[Records from a collection]
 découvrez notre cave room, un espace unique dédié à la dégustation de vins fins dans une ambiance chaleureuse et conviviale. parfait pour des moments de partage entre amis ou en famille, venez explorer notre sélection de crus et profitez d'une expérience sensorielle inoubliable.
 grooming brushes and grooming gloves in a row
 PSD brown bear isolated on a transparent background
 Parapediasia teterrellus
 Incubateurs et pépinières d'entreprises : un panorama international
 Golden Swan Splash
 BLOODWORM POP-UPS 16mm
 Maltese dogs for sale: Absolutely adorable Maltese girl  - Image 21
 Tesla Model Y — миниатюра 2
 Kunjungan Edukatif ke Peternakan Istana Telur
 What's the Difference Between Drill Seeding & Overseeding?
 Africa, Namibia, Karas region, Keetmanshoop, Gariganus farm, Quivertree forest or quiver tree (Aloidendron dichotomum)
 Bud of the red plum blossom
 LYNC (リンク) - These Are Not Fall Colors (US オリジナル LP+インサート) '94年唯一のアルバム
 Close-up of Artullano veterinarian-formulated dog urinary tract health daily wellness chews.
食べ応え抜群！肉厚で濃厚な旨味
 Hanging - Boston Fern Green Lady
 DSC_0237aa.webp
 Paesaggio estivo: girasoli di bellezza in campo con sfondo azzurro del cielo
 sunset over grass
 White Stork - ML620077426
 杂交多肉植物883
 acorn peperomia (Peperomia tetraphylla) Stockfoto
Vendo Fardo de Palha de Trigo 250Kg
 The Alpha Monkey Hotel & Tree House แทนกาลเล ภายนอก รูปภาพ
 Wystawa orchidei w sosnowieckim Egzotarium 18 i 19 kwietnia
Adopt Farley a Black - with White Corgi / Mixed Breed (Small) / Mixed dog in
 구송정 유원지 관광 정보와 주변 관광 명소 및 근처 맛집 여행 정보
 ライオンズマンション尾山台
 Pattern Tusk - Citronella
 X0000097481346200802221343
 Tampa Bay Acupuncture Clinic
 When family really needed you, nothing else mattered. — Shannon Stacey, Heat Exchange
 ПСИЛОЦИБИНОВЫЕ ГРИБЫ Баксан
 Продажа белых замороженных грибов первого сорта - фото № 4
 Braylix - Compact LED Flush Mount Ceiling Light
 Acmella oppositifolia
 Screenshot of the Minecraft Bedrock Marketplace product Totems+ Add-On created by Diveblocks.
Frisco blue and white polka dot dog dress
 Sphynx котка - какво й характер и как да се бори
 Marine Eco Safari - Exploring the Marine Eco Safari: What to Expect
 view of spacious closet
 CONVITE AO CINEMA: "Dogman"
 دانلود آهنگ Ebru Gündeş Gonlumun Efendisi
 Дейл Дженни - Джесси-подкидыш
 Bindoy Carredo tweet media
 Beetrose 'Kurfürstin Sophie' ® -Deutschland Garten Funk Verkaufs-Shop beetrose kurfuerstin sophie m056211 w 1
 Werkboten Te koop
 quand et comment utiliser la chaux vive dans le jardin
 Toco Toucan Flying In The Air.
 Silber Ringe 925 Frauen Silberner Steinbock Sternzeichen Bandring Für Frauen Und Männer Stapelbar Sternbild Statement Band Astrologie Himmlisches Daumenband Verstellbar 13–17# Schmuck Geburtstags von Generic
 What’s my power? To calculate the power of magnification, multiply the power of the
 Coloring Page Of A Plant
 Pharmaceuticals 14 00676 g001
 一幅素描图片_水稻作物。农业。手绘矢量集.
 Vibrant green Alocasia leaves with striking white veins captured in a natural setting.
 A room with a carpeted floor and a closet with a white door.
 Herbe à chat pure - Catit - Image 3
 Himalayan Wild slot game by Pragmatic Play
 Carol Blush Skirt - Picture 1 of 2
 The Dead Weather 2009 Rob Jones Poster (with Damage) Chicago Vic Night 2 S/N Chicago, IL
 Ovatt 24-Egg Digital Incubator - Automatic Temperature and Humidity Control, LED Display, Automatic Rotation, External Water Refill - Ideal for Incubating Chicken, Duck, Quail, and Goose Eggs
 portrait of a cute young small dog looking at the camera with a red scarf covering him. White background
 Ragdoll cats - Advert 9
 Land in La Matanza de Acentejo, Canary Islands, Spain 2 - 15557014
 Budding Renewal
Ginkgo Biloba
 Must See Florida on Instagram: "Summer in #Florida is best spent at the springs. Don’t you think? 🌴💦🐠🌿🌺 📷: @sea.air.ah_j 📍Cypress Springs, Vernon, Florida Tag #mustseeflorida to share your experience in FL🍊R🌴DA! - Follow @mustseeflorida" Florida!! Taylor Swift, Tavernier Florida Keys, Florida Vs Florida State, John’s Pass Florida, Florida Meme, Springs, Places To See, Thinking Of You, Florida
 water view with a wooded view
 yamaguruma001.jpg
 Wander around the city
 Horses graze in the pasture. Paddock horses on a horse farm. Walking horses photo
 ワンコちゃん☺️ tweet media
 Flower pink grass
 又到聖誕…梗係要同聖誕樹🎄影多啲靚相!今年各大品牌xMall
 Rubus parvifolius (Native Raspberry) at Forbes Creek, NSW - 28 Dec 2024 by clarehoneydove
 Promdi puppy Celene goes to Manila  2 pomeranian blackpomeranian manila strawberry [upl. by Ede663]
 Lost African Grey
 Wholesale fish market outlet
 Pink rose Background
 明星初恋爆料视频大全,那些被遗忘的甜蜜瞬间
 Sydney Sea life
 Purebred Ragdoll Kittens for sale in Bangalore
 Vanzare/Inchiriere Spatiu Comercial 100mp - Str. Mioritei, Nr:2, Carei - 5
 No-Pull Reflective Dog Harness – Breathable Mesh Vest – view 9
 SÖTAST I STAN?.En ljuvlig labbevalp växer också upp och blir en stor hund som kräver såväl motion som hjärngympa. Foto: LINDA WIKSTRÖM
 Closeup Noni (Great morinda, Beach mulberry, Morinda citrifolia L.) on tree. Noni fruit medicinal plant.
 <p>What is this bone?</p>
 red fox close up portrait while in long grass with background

**Action item:** Each record above must be restated in full, word for word.

**Written response:**
 découvrez notre cave room, un espace unique dédié à la dégustation de vins fins dans une ambiance chaleureuse et conviviale. parfait pour des moments de partage entre amis ou en famille, venez explorer notre sélection de crus et profitez d'une expérience sensorielle inoubliable.
 grooming brushes and grooming gloves in a row
 PSD brown bear isolated on a transparent background
 Parapediasia teterrellus
 Incubateurs et pépinières d'entreprises : un panorama international
 Golden Swan Splash
 BLOODWORM POP-UPS 16mm
 Maltese dogs for sale: Absolutely adorable Maltese girl  - Image 21
 Tesla Model Y — миниатюра 2
 Kunjungan Edukatif ke Peternakan Istana Telur
 What's the Difference Between Drill Seeding & Overseeding?
 Africa, Namibia, Karas region, Keetmanshoop, Gariganus farm, Quivertree forest or quiver tree (Aloidendron dichotomum)
 Bud of the red plum blossom
 LYNC (リンク) - These Are Not Fall Colors (US オリジナル LP+インサート) '94年唯一のアルバム
 Close-up of Artullano veterinarian-formulated dog urinary tract health daily wellness chews.
食べ応え抜群！肉厚で濃厚な旨味
 Hanging - Boston Fern Green Lady
 DSC_0237aa.webp
 Paesaggio estivo: girasoli di bellezza in campo con sfondo azzurro del cielo
 sunset over grass
 White Stork - ML620077426
 杂交多肉植物883
 acorn peperomia (Peperomia tetraphylla) Stockfoto
Vendo Fardo de Palha de Trigo 250Kg
 The Alpha Monkey Hotel & Tree House แทนกาลเล ภายนอก รูปภาพ
 Wystawa orchidei w sosnowieckim Egzotarium 18 i 19 kwietnia
Adopt Farley a Black - with White Corgi / Mixed Breed (Small) / Mixed dog in
 구송정 유원지 관광 정보와 주변 관광 명소 및 근처 맛집 여행 정보
 ライオンズマンション尾山台
 Pattern Tusk - Citronella
 X0000097481346200802221343
 Tampa Bay Acupuncture Clinic
 When family really needed you, nothing else mattered. — Shannon Stacey, Heat Exchange
 ПСИЛОЦИБИНОВЫЕ ГРИБЫ Баксан
 Продажа белых замороженных грибов первого сорта - фото № 4
 Braylix - Compact LED Flush Mount Ceiling Light
 Acmella oppositifolia
 Screenshot of the Minecraft Bedrock Marketplace product Totems+ Add-On created by Diveblocks.
Frisco blue and white polka dot dog dress
 Sphynx котка - какво й характер и как да се бори
 Marine Eco Safari - Exploring the Marine Eco Safari: What to Expect
 view of spacious closet
 CONVITE AO CINEMA: "Dogman"
 دانلود آهنگ Ebru Gündeş Gonlumun Efendisi
 Дейл Дженни - Джесси-подкидыш
 Bindoy Carredo tweet media
 Beetrose 'Kurfürstin Sophie' ® -Deutschland Garten Funk Verkaufs-Shop beetrose kurfuerstin sophie m056211 w 1
 Werkboten Te koop
 quand et comment utiliser la chaux vive dans le jardin
 Toco Toucan Flying In The Air.
 Silber Ringe 925 Frauen Silberner Steinbock Sternzeichen Bandring Für Frauen Und Männer Stapelbar Sternbild Statement Band Astrologie Himmlisches Daumenband Verstellbar 13–17# Schmuck Geburtstags von Generic
 What’s my power? To calculate the power of magnification, multiply the power of the
 Coloring Page Of A Plant
 Pharmaceuticals 14 00676 g001
 一幅素描图片_水稻作物。农业。手绘矢量集.
 Vibrant green Alocasia leaves with striking white veins captured in a natural setting.
 A room with a carpeted floor and a closet with a white door.
 Herbe à chat pure - Catit - Image 3
 Himalayan Wild slot game by Pragmatic Play
 Carol Blush Skirt - Picture 1 of 2
 The Dead Weather 2009 Rob Jones Poster (with Damage) Chicago Vic Night 2 S/N Chicago, IL
 Ovatt 24-Egg Digital Incubator - Automatic Temperature and Humidity Control, LED Display, Automatic Rotation, External Water Refill - Ideal for Incubating Chicken, Duck, Quail, and Goose Eggs
 portrait of a cute young small dog looking at the camera with a red scarf covering him. White background
 Ragdoll cats - Advert 9
 Land in La Matanza de Acentejo, Canary Islands, Spain 2 - 15557014
 Budding Renewal
Ginkgo Biloba
 Must See Florida on Instagram: "Summer in #Florida is best spent at the springs. Don’t you think? 🌴💦🐠🌿🌺 📷: @sea.air.ah_j 📍Cypress Springs, Vernon, Florida Tag #mustseeflorida to share your experience in FL🍊R🌴DA! - Follow @mustseeflorida" Florida!! Taylor Swift, Tavernier Florida Keys, Florida Vs Florida State, John’s Pass Florida, Florida Meme, Springs, Places To See, Thinking Of You, Florida
 water view with a wooded view
 yamaguruma001.jpg
 Wander around the city
 Horses graze in the pasture. Paddock horses on a horse farm. Walking horses photo
 ワンコちゃん☺️ tweet media
 Flower pink grass
 又到聖誕…梗係要同聖誕樹🎄影多啲靚相!今年各大品牌xMall
 Rubus parvifolius (Native Raspberry) at Forbes Creek, NSW - 28 Dec 2024 by clarehoneydove
 Promdi puppy Celene goes to Manila  2 pomeranian blackpomeranian manila strawberry [upl. by Ede663]
 Lost African Grey
 Wholesale fish market outlet
 Pink rose Background
 明星初恋爆料视频大全,那些被遗忘的甜蜜瞬间
 Sydney Sea life
 Purebred Ragdoll Kittens for sale in Bangalore
 Vanzare/Inchiriere Spatiu Comercial 100mp - Str. Mioritei, Nr:2, Carei - 5
 No-Pull Reflective Dog Harness – Breathable Mesh Vest – view 9
 SÖTAST I STAN?.En ljuvlig labbevalp växer också upp och blir en stor hund som kräver såväl motion som hjärngympa. Foto: LINDA WIKSTRÖM
 Closeup Noni (Great morinda, Beach mulberry, Morinda citrifolia L.) on tree. Noni fruit medicinal plant.
 <p>What is this bone?</p>
 red fox close up portrait while in long grass with background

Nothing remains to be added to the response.